I saw my father close his eyes, and his lips moved as he stood holding my hand in his, evidently struggling with his emotion. Then he said quietly—

“Better go in and get some dry clothes, and—”

He stopped and stood listening and gazing in wonder at the great negro and my companion, for the boy had gone up to him, and gesticulating rapidly and with animated face he seemed to be relating what had passed.

The change that came over the big fellow’s face was wonderful. The minute before it wore its old, hard, darkening look of misery, with the eyes wild and the forehead all wrinkled and creased; but now as he stood listening, his eyes lit up, his forehead grew smooth, and his face seemed to have grown younger; his tightly-drawn-together lips parted, showing his white teeth. So that as my father took a step or two forward, seized the boy’s arm, and then laid his hand upon his head, it was a completely transformed countenance that looked in my father’s. For the man caught his hand, bent down and held it against his forehead, saying a few words in a low tone, and then drew respectfully away.
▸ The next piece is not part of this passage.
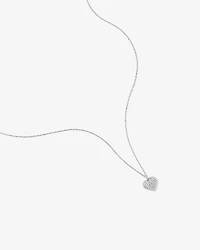 Collier Pendentif Coeur Fermé en Zircon Cubique en Argent Sterling
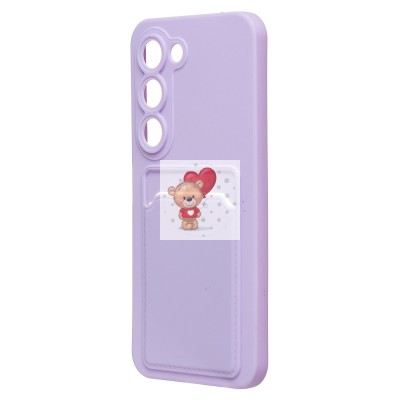 Чехол-накладка с картхолдером для Tecno Spark 40 Pro (светло-фиолетовый) SC337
“You have had a narrow escape, my boy,” said my father, huskily; “but out of evil sometimes comes good; and it looks as if your accident has broken the ice. Those two are completely transformed. It is just as if we had been doing them good, instead of their doing good to us. But there, get in. I don’t want to have you down with a fever.”

My father was right; our two servants—I will not call them slaves, for they never were that to us—appeared indeed to be quite transformed, and from that day they always greeted me with a smile, and seemed to be struggling hard to pick up the words of our language, making, too, the most rapid progress. The heavy, hard look had gone from the black’s face, and the boy was always showing his white teeth, and on the look-out either to do something for me, or to go with me on my excursions.
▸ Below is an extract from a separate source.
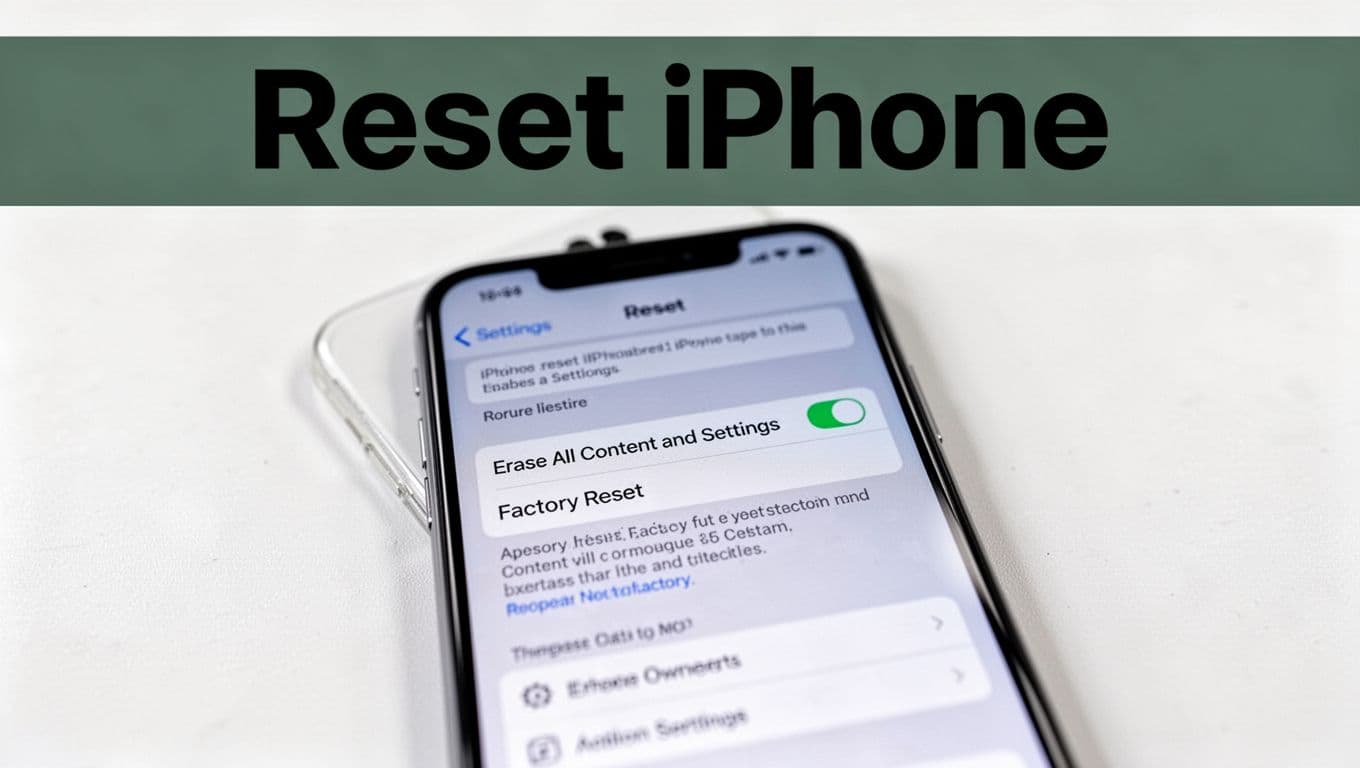 Photorealistic close-up of an iPhone screen displaying the Erase All Content and Settings option in the settings menu, with a bold 'Reset iPhone' headline on a muted dark-green band at the top. The phone rests on a white surface under soft overhead light, featuring subtle reflections and a tight centered composition.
In a week it was “Mass’ George,” and in a month, in a blundering way, he could begin to express what he had to say, but only to break down and stamp, ending by bursting into a hearty laugh.
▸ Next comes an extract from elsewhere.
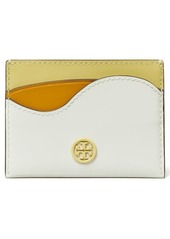 Tory Burch Robinson Colorblock Spazzolato Leather Card Case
It was my doing that the pair were called Pompey and Hannibal, and day after day, as I used to be out in the garden, watching the big black, who had entirely recovered his strength, display how great that strength was, I wondered how it was possible that the great happy-looking fellow could be the same dull, morose savage that we had brought dying ashore.

At the end of another couple of months, I went in one day full of a new discovery.

“Do you know who Pomp is, father?” I exclaimed.